-- Records for processing follows --

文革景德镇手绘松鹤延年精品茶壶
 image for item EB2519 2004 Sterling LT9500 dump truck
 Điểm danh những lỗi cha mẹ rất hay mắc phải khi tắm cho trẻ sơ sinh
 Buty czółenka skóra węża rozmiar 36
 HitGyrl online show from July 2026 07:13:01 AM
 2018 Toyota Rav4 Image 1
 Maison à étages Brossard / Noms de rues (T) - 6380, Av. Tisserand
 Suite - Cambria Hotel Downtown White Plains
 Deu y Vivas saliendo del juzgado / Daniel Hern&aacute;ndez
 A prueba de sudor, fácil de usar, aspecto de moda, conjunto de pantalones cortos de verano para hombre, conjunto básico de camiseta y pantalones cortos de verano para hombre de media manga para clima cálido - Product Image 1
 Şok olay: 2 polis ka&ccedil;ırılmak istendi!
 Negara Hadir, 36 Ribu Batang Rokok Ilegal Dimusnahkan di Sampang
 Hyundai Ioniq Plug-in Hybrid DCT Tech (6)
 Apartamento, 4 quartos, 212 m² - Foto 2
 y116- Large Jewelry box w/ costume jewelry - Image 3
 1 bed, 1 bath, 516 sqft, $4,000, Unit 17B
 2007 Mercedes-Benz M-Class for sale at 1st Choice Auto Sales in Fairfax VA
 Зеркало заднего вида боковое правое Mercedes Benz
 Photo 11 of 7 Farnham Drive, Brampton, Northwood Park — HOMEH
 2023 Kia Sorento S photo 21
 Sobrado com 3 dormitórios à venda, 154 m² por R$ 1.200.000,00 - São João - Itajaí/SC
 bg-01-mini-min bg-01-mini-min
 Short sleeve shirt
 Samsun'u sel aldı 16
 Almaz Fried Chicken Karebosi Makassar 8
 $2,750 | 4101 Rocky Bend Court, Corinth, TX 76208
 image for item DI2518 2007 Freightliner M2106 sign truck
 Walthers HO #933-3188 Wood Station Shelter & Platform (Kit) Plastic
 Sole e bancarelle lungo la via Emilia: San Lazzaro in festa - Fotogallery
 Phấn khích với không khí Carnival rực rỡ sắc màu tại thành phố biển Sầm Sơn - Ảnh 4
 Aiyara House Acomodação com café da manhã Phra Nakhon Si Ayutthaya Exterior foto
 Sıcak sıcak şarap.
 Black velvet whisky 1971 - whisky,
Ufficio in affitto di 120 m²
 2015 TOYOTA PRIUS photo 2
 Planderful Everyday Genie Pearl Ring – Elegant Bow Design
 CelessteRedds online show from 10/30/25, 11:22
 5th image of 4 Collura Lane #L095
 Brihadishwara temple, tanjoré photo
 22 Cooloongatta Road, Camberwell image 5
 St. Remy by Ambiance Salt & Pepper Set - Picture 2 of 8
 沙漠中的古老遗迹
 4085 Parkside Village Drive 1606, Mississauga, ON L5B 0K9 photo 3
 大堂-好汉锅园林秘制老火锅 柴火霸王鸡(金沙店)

-- Records for processing concluded --

**Prompt**
Given the data above, transcribe exactly the lines from the one containing "1 bed, 1 bath, 516 sqft, $4,000, Unit 17B" down to the one containing "5th image of 4 Collura Lane #L095", and no others.

**Solution below**
 1 bed, 1 bath, 516 sqft, $4,000, Unit 17B
 2007 Mercedes-Benz M-Class for sale at 1st Choice Auto Sales in Fairfax VA
 Зеркало заднего вида боковое правое Mercedes Benz
 Photo 11 of 7 Farnham Drive, Brampton, Northwood Park — HOMEH
 2023 Kia Sorento S photo 21
 Sobrado com 3 dormitórios à venda, 154 m² por R$ 1.200.000,00 - São João - Itajaí/SC
 bg-01-mini-min bg-01-mini-min
 Short sleeve shirt
 Samsun'u sel aldı 16
 Almaz Fried Chicken Karebosi Makassar 8
 $2,750 | 4101 Rocky Bend Court, Corinth, TX 76208
 image for item DI2518 2007 Freightliner M2106 sign truck
 Walthers HO #933-3188 Wood Station Shelter & Platform (Kit) Plastic
 Sole e bancarelle lungo la via Emilia: San Lazzaro in festa - Fotogallery
 Phấn khích với không khí Carnival rực rỡ sắc màu tại thành phố biển Sầm Sơn - Ảnh 4
 Aiyara House Acomodação com café da manhã Phra Nakhon Si Ayutthaya Exterior foto
 Sıcak sıcak şarap.
 Black velvet whisky 1971 - whisky,
Ufficio in affitto di 120 m²
 2015 TOYOTA PRIUS photo 2
 Planderful Everyday Genie Pearl Ring – Elegant Bow Design
 CelessteRedds online show from 10/30/25, 11:22
 5th image of 4 Collura Lane #L095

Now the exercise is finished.